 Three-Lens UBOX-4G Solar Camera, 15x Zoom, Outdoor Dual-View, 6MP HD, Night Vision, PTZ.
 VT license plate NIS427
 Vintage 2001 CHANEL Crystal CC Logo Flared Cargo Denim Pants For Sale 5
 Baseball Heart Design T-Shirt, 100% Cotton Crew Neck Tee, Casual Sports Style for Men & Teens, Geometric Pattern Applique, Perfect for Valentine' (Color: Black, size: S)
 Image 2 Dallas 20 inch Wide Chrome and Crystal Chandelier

○ ○ ○

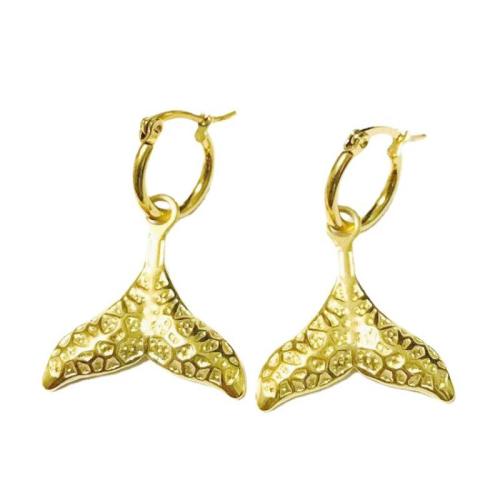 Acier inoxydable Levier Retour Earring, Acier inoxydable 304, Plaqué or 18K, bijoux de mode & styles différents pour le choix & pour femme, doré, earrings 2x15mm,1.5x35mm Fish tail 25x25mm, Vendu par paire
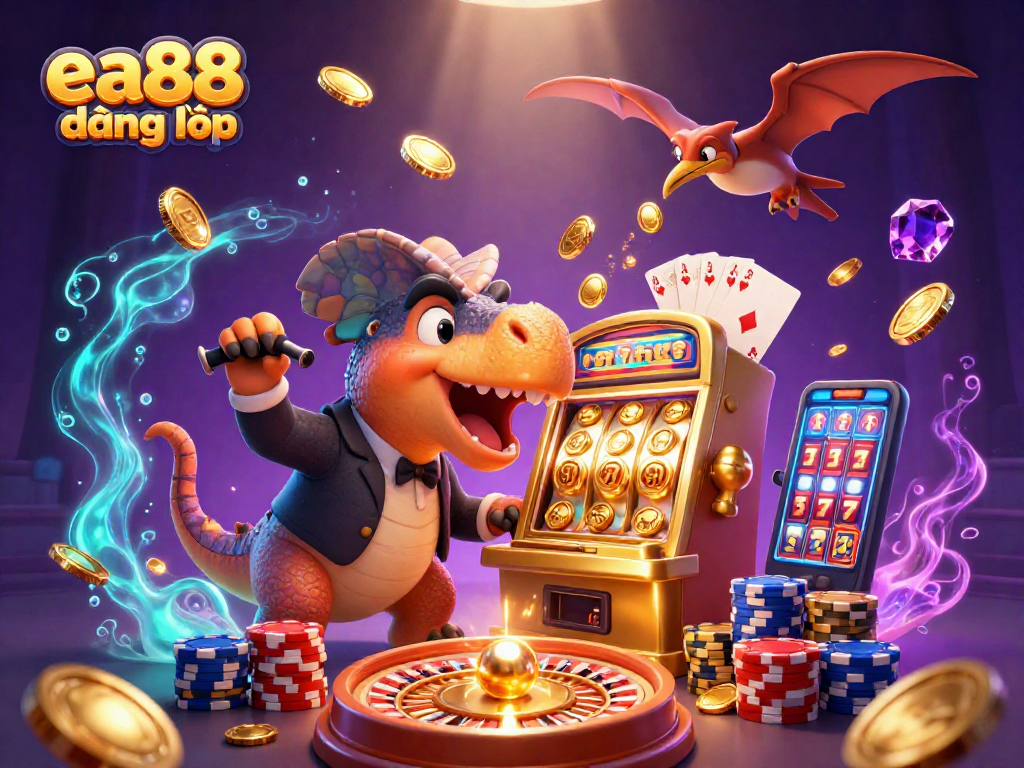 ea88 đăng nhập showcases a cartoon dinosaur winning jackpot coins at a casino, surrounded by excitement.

○ ○ ○

Problem details: Search the material above for the string "Crystal", and copy every line in which it turns up.

Output:
 Vintage 2001 CHANEL Crystal CC Logo Flared Cargo Denim Pants For Sale 5
 Image 2 Dallas 20 inch Wide Chrome and Crystal Chandelier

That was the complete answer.